Mike Tod, host and producer of The Folk Song Hour (Saturdays 7-8 a.m.)
Mike sat down with Michelle Johnson to talk about his love for folk music, his dream to build a cabin, and how Biggie Smalls and JayZ are actually Folk astists!
MJ: Mike, where are you from?
MT: I’m from Calgary, Alberta, Canada.
MJ: When did you move to Toronto?
MT: September 2014.
MJ: What brought you to Toronto?
MT: Schooling. So I’m taking my graduate degree at York in Ethnomusicology.
MJ: Oh, amazing. Is your undergraduate in music as well?
MT: No, my undergraduate is in Communications Studies from the University of Calgary. And that’s where I first started getting involved in radio was back at the U of C.
MJ: So you were involved in radio there as well?

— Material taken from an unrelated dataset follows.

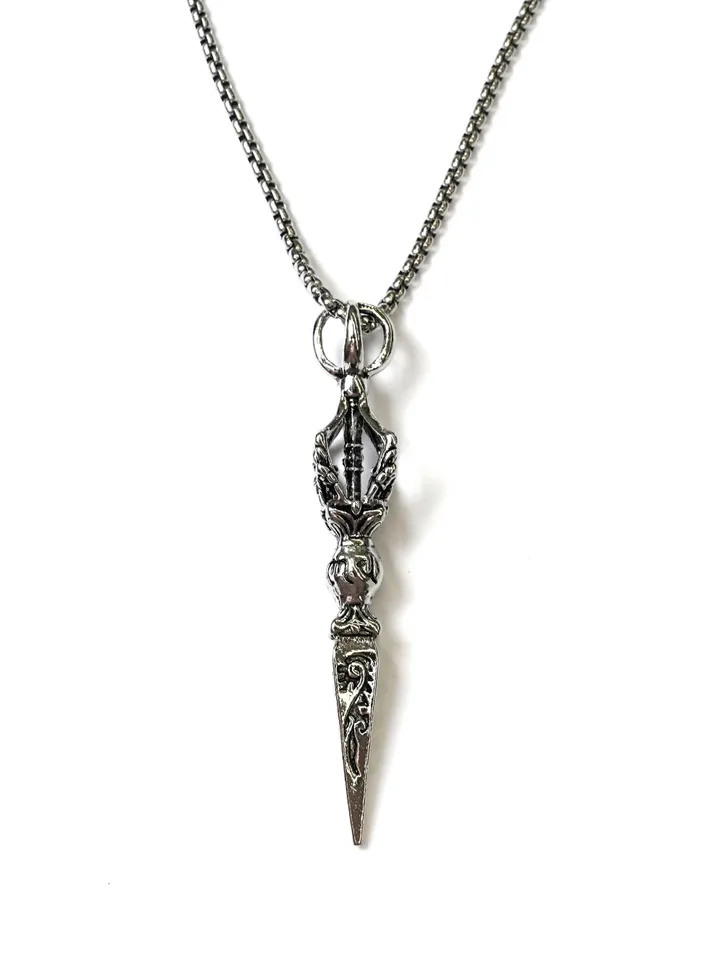 [s.steel] sculpture necklace | 조각 빈티지 목걸이 써지컬 상세 이미지 27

MT: Yeah, I’ve been programming for four years. My previous program was called “The Pioneer’s Handbook,” on CJSW 90.9 FM in Calgary and it focused on “sustainable living” topics, back-to-basics living. The whole program followed the arc of finding a plot of land, building a cabin on it, and how: what to fill the cabin with, events and musical activities that could take place and it was kind of like groundwork for my only goal in life. I want to build a cabin, on my own and live in it one day. So whatever I do in life is geared towards me building this cabin.
MJ: And so how does radio help you build this cabin?
MT: I think a guy of my generation needs to draw on multiple pools, like, sources of income. So my ideal is that one day I’ll get paid for my radio work, I’ll teach part-time at a university level in music, folk music. And get paid for playing shows. Those are my three kinda things.
MJ: So you’re a musician as well?
MT: That’s correct, yeah.
MJ: What instruments do you play?
MT: I play guitar, I’m kinda in the old-time, finger-style picking, Carter-family picking, Mississippi John Hurt picking and flat picking.
MJ: Where did this love for folk music come from?
MJ: Well the one side of my family, the Wards side of my family was around Alberta for generations. And Grandpa Ward was a rancher and a homesteader and he brought a guitar with him. And he played music, and I remember family gatherings where he would play some old folk-songs. I kinda guess where the watershed opened was when I started radio programming at CJSW and I would sit in the library for like, hours, every week, just in their folk music section, with the vinyls and bins of CDs and Pete Seeger was my gatekeeper, he kinda introduced me to all these old, primarily American, folk songs and ballads, and the history behind all of them. Yeah, he’s definitely like the guy, you know. The cookie-cutter model for most folk people out there.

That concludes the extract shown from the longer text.